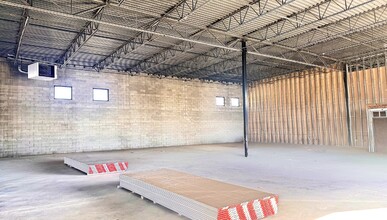 3546 N 1150 W, Spanish Fork, UT à louer Photo intérieure- Image 2 de 3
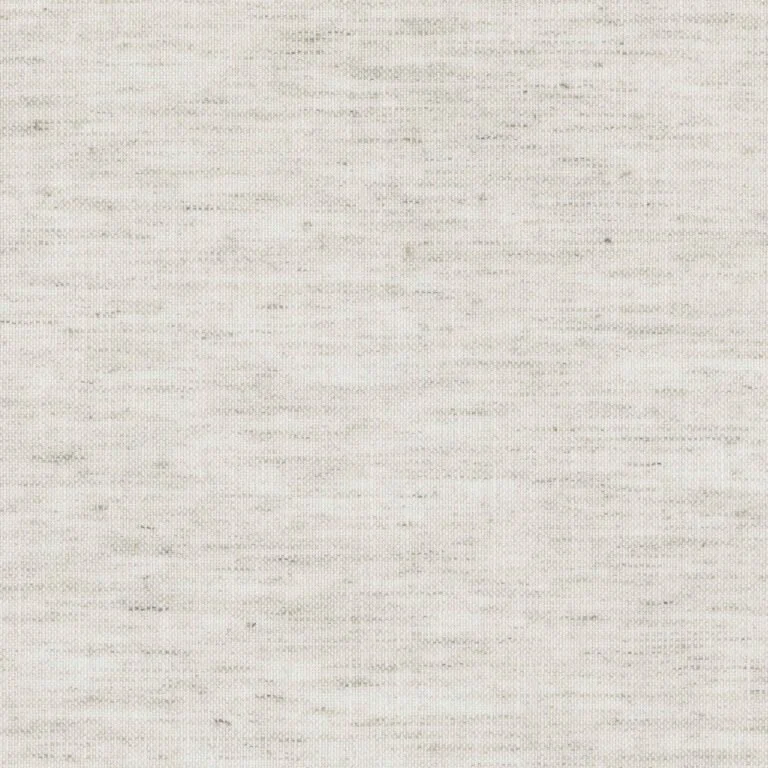Natural-F1069-Linen-White-scaled-1_11zon-768x768.jpg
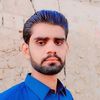 waqar9464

WORK ORDER =>
None of the pictures belong in the copy; transcribe the rest of the data exactly.

SOLUTION FOR THIS PROBLEM =>
 3546 N 1150 W, Spanish Fork, UT à louer Photo intérieure- Image 2 de 3
Natural-F1069-Linen-White-scaled-1_11zon-768x768.jpg
 waqar9464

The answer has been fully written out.